What to work on = Repeat the data that follows in full. Do not include the pictures.

Data under study =
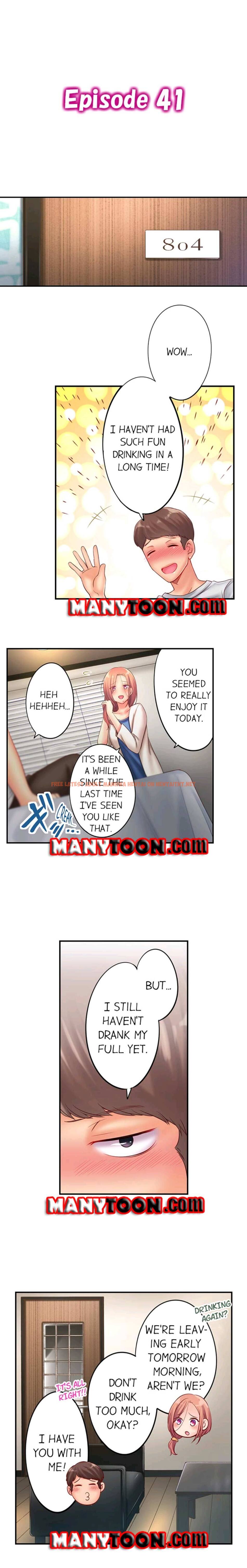 Read Hentai Image 1 519 in comic I Can’t Resist His Massage! Cheating In Front Of My Husband’s Eyes - Chapter 41 - hentaitnt.net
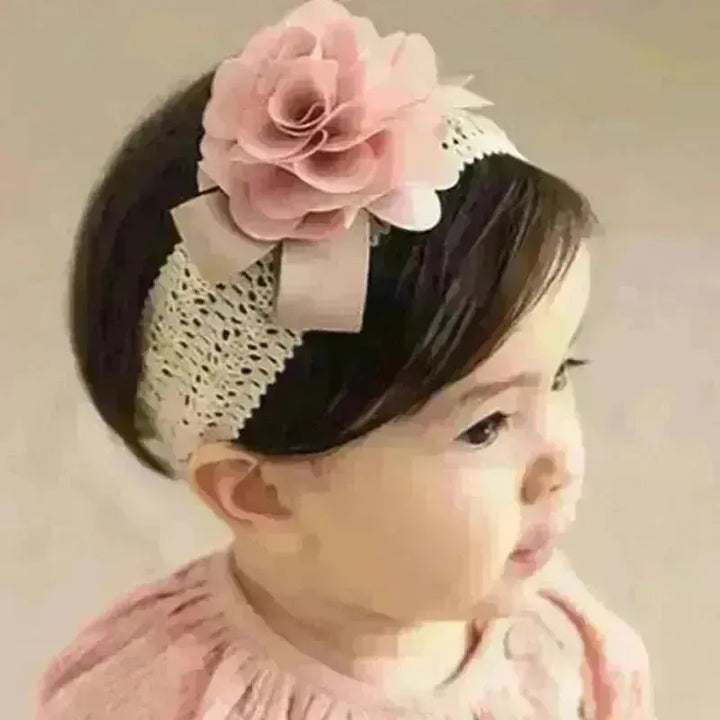 Baby Lace Headband - Jessiz Boutique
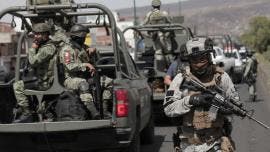 Mueren seis militares por explosión de mina artesanal en límites de Michoacán y Jalisco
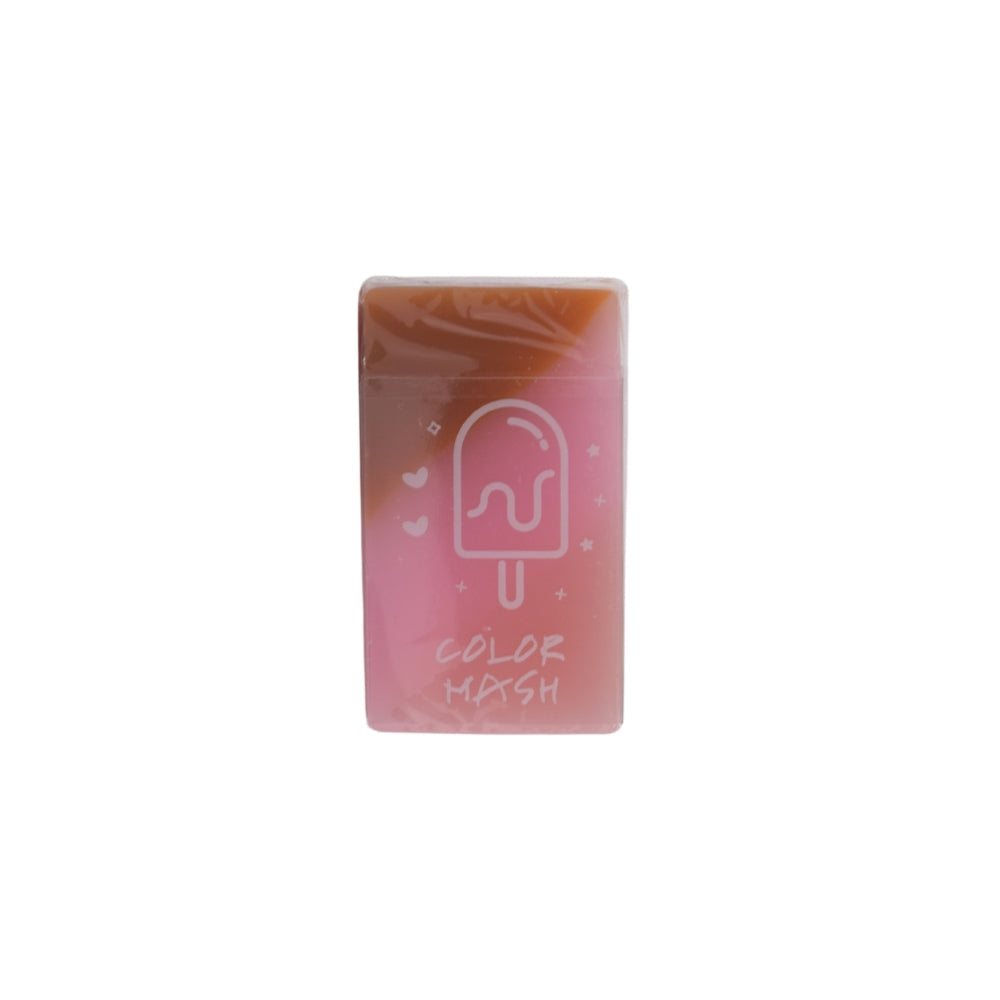 Color Mash Gradient Eraser – Donut Design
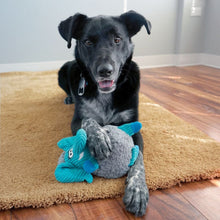 Load image into Gallery viewer, Kong Kong Floofs Sherpa Elephant Dog Toy - Medium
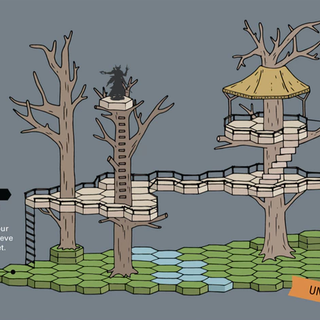 Tree Fort Add-on Set - Square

Written reply =
 Read Hentai Image 1 519 in comic I Can’t Resist His Massage! Cheating In Front Of My Husband’s Eyes - Chapter 41 - hentaitnt.net
 Baby Lace Headband - Jessiz Boutique
 Mueren seis militares por explosión de mina artesanal en límites de Michoacán y Jalisco
 Color Mash Gradient Eraser – Donut Design
 Load image into Gallery viewer, Kong Kong Floofs Sherpa Elephant Dog Toy - Medium
 Tree Fort Add-on Set - Square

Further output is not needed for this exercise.